Wanted: Dead PC/Windows Game Review – Is It Poorly Made or Just Deliberately Poorly Done?

There is a blurred and very vague border between good bad and bad.
A good bad movie or game is something that bleeds blood and tears, but the end result is still incomprehensible to watch.
But what about when something is deliberately done badly?
After all, it shouldn’t become anything, right?
Well, of course not
Wanted: Dead is an example of how deliberately miserable game design stumbles upon its own cynicism.
Even before the release, the game developer, Solar, attracted attention by promoting his edition of the 21st century with everything except the game itself.
Chef books, grenades and other tillers were sent to the Internet’s Influencer advertisement.
In the interviews, the authors continued to emphasize how the game does not bend on anyone except for the past, and it is not consciously for everyone.
Stuffing, stiffness and strangeness are intentional.
They are a love for a time whose best moments are far behind.
The Sharked, who tried the same trick ten years ago.
It also tried to cover up its own deficiency behind an ironic meta commentary, which did not realize that so bad that it is good does not only mean a technically incapable entity.
There must be passion in the background.
Believe that the art that is being done is somehow significant.
It requires mixing optimism and a complete lack of self-awareness.
If you are deliberately aimed at badness, the end result will inevitably be only junk without entertainment.
Like sharks’ own disaster, Wanted: Dead is a toothless and impersonal journey to the past that cannot be recommended to anyone even ironically.

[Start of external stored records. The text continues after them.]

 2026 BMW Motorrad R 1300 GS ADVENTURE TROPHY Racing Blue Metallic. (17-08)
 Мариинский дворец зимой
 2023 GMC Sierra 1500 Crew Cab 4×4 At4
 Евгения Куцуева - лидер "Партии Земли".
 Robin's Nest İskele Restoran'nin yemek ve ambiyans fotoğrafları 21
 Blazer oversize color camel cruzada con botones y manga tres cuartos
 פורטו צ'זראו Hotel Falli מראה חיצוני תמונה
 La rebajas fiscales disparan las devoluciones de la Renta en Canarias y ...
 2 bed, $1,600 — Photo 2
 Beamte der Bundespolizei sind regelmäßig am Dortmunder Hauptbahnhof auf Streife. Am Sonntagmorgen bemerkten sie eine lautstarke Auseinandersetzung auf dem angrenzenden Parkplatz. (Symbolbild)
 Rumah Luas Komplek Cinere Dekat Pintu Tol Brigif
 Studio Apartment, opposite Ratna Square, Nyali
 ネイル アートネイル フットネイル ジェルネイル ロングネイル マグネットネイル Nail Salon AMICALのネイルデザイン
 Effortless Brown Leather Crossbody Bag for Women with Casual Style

worn more than last year’s calendars
Wanted: Dead is trying to be relevant and neatly cool by all means.
It works about as well as Steve Buscemi in a famous meme.
The boomers’ flap throwing is, by the way, troublesome.
Charging screens refer to the ten-year-old YouTube jokes and the characters cultivate worn memes, regardless of context.
At best, the newcomers are impersonal caricatures.
Bad humor could still be pressed on a wool if playing was fun.
But Wanted: Dead doesn’t shine even in this department.
Maybe it is intentional too, but it doesn’t make it any more fun.
The gaming world looks like a PS2 era product.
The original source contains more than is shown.